← Back to context

Comment by twic

21 hours ago

And yet, there is a good chance that C++ will start doing exactly this [1]. Because [2]:

> The performance impact is negligible (less that 0.5% regression) to slightly positive (that is, some code gets faster by up to 1%). The code size impact is negligible (smaller than 0.5%). Compile-time regressions are negligible. Were overheads to matter for particular coding patterns, compilers would be able to obviate most of them.

> The only significant performance/code regressions are when code has very large automatic storage duration objects. We provide an attribute to opt-out of zero-initialization of objects of automatic storage duration. We then expect that programmer can audit their code for this attribute, and ensure that the unsafe subset of C++ is used in a safe manner.

> This change was not possible 30 years ago because optimizations simply were not as good as they are today, and the costs were too high.

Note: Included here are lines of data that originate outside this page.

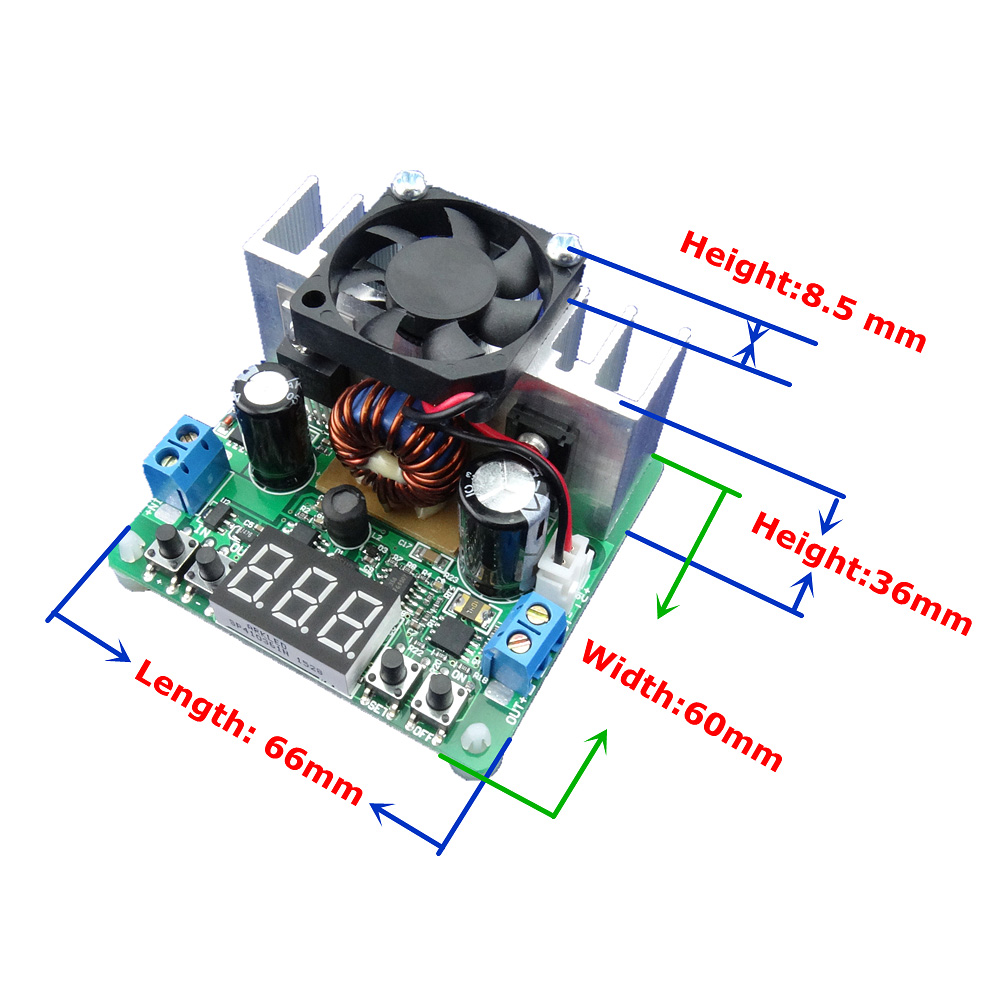 Digital DC DC Adjustable Step down Power Supply Module Constant Voltage Current Input 6 40V Output 0 38V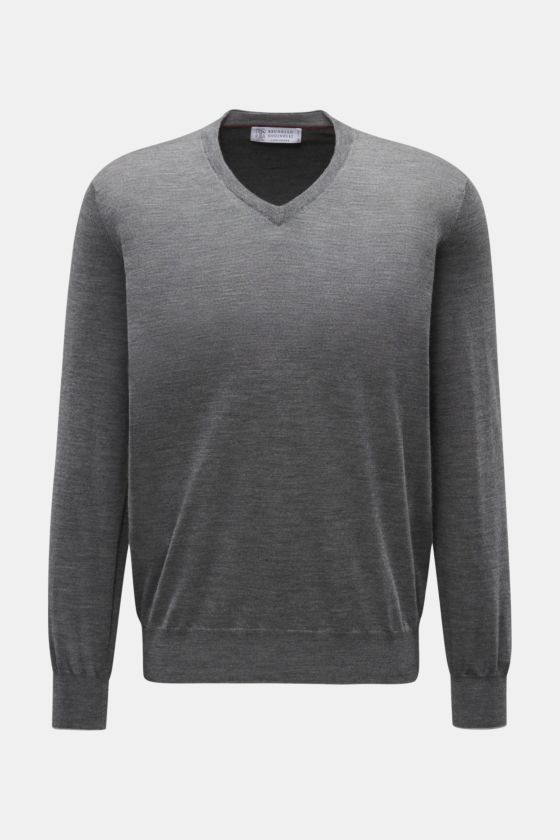 Brunello Cucinelli V-Neck Pullover dunkelgrau Brunello Cucinelli V-Neck Pullover dunkelgrau
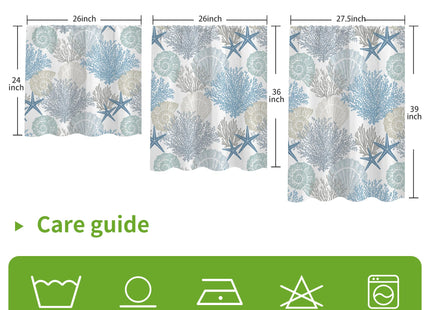 Coastal Starfish Coral Kitchen Curtains Sets for Windows Over Sink Nautical Beach Seashell Short Curtain for Small Bathroom Window Spring Summer Half Treatment Tier Drapes for Bedroom 26x24 Inch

The costs are now negligible.

[1] https://github.com/cplusplus/papers/issues/1401

[2] https://www.open-std.org/jtc1/sc22/wg21/docs/papers/2023/p27...

Thanks for the references - that was interesting reading, particularly that initialisation can be good for instruction pipelining.

A trick we were using with SSE was something like

__m128 zero = _mm_undefined_ps(); zero = _mm_xor_ps(zero, zero);

Now we were really careful with viewing our ops as data dependencies to reason about pipelining efficiency. But our profiling tools were not measuring this.

We did avoid _mm_set_ps(0.0f) which was actually showing up as cache misses.

I wonder if we were actually slower because cache misses are something we can measure?!